É o caso, por exemplo, do acordo do Grupo Pão de Açúcar com a JBS, que define normas éticas a serem seguidas. Em nota, o GPA informou que está acompanhando “o desenrolar dos acontecimentos e que seguirá as cláusulas definidas em contrato estabelecido com o fornecedor, respeitando as determinações legais das autoridades”. A empresa não detalha o teor das cláusulas. O Valor apurou que o acordo menciona necessidade de retidão moral da marca, sob risco de suspensão do contrato.
A BFFC, dona do Bob’s, afirmou em nota que avalia as medidas cabíveis no caso e que exige que seus fornecedores “mantenham o mais estrito respeito ao código de conduta” da empresa. O grupo informou que levará o assunto para ser discutido pelas entidades representativas do setor.
Neste momento, a maioria das companhias ouvidas pelo Valor fala em “acompanhar” a evolução do caso – além de GPA, Walmart e Carrefour. O McDonald’s (representado no Brasil pela Arcos Dorados), com acordo comercial com a JBS que giraria em torno de R$ 350 milhões ao ano, preferiu não se manifestar sobre o assunto – assim como o Burger King. Todas as empresas ouvidas, com exceção do Bob’s, tem controladores ou sócios de grupos com capital aberto no País ou no exterior e são classificadas dentro de algum nível de governança corporativa, que exige que sejam definidas normas de conduta empresarial envolvendo funcionários e fornecedores.

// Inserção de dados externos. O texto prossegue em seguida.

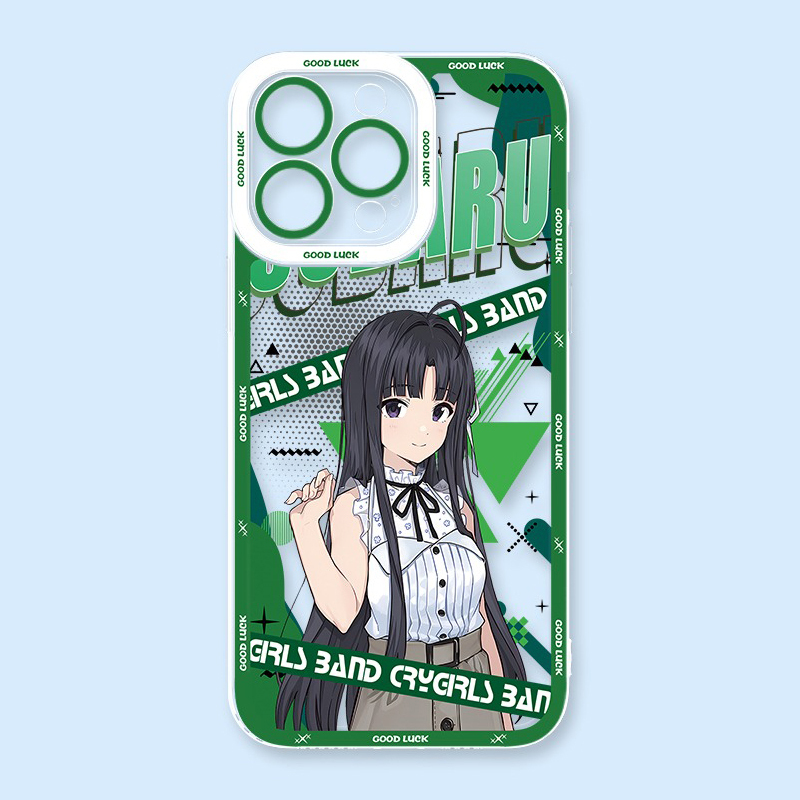 Girls Band Cry天使眼透明防摔軟殼-ZUIHANG SHOP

Os códigos da maioria dessas companhias deixam explícito que consideram inaceitável – e, em certos casos, isso não é passível de negociação – manter acordos comerciais com fabricantes que não respeitam leis e que praticam atos como extorsão ou suborno. Os códigos, porém, não detalham a penalidade a ser aplicada. “Mas quando a companhia informa que não aceita corrupção ou não aceita que fornecedores violem valores da empresa está claro que, se isso acontecer, terá que cortá-los”, diz Alexandre Queiroz, ex-diretor da PwC e coordenador do Ibmec/MG.
Para Daniel Tonon, professor do MBA em governança e compliance da FGV, as companhias podem entender que os crimes foram praticados pelos sócios, e não pela fornecedora, separando as responsabilidades. Ainda podem avaliar que, como houve acordo de delação, a Justiça não condenou os controladores da companhia – apesar da admissão pública dos “erros” pelo sócio Joesley Batista.

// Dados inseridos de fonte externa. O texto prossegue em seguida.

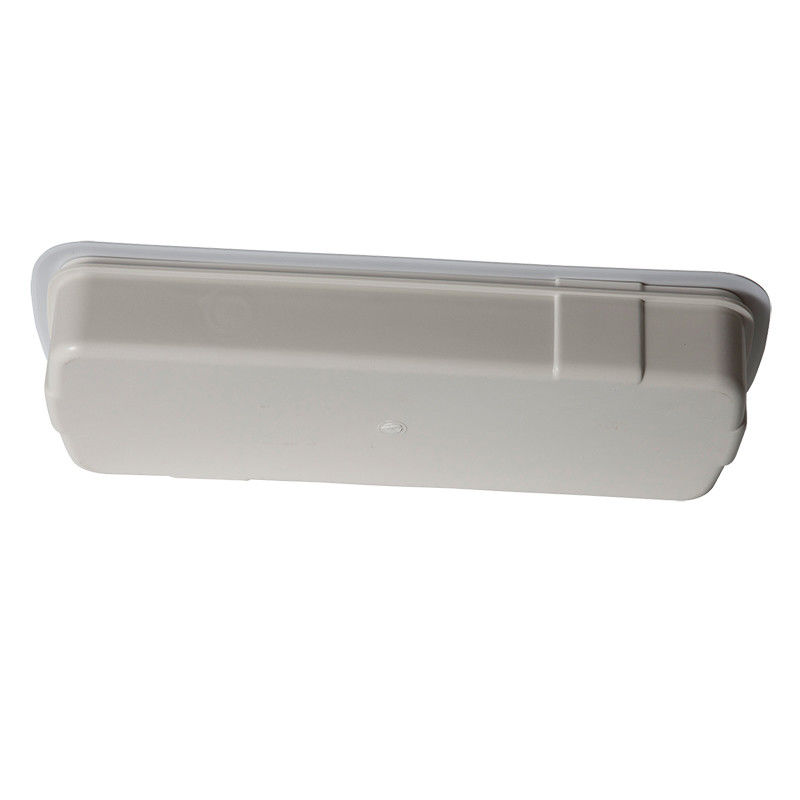 3 ساعت باطری شارژ مجدد دیواری روشنایی اضطراری LED با باتری پشتیبان خود آزمایشی L116M-C1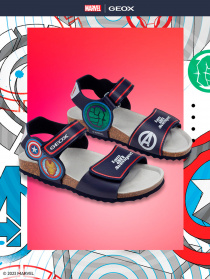 Сандалії Geox Ghita модель J358LB-000BC-C4002 Фото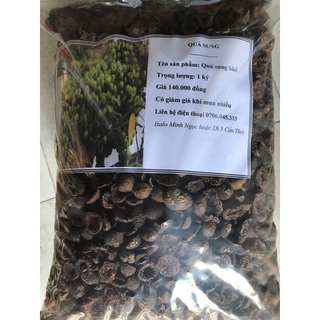 Sung khô 1 ký phơi khô sản phẩm nhà làm hàng sạch sẽ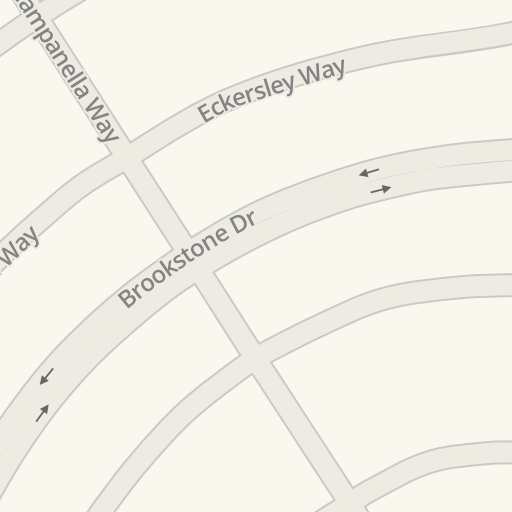 Driving directions to Brookstone Drive Brookstone Dr Roseville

Para Tonon, o varejo não pode ser entendido como um “vilão” neste caso.
A JBS não é só a dona da mais importante marca de carne do País, a Friboi, mas produz outras com forte presença no varejo, como Vigor e Doriana. No total, são 32 marcas. Ainda estão na lista Seara, Massa Leve, Swift e Bigfrango. A holding J&F, dos irmãos Batista, é dona também da Flora, com 17 marcas de limpeza doméstica e higiene pessoal como Minuano, Francis, Albany e Neutrox, mas nesses mercados há mais concorrentes.
Impacto nas vendas
Em portfólios desse peso, o cancelamento da compra traria um forte impacto nas vendas, em parte pela dificuldade em substituir algumas marcas. “Na prática, quando isso acontece, a rede vai ver se compensa o baque comercial e o custo de interromper o acordo”, disse um diretor de uma rede supermercadista. “No caso da JBS, haveria risco de desabastecimento principalmente em carnes, porque não temos marcas substitutas imediatamente.” “Se quiserem interromper a venda, até dá, mas é um trabalho gigantesco. Talvez o ganho possa ser de imagem frente ao público, caso a rejeição às marcas suba”, acrescentou o executivo.
“Para o varejo, é cedo fazer qualquer coisa, porque em parte, essas decisões consideram a reação de concorrentes e da população, que pode cobrar uma posição mais dura das lojas. Mas até agora não vimos isso”, diz um consultor.
O Walmart informou que a “integridade é um dos valores fundamentais” do grupo. Em relação à JBS, disse que “está acompanhando o caso atentamente”. O Carrefour afirmou que “não tolera nenhuma prática ilícita e tem como princípio fundamental o combate à corrupção”. Observa que todos os níveis da empresa e seus parceiros “devem se comprometer a cumprir estritamente a legislação em vigor”. E sobre a JBS, apesar de a empresa já ter admitido o “erro”, disse que “aguarda o desfecho do caso”.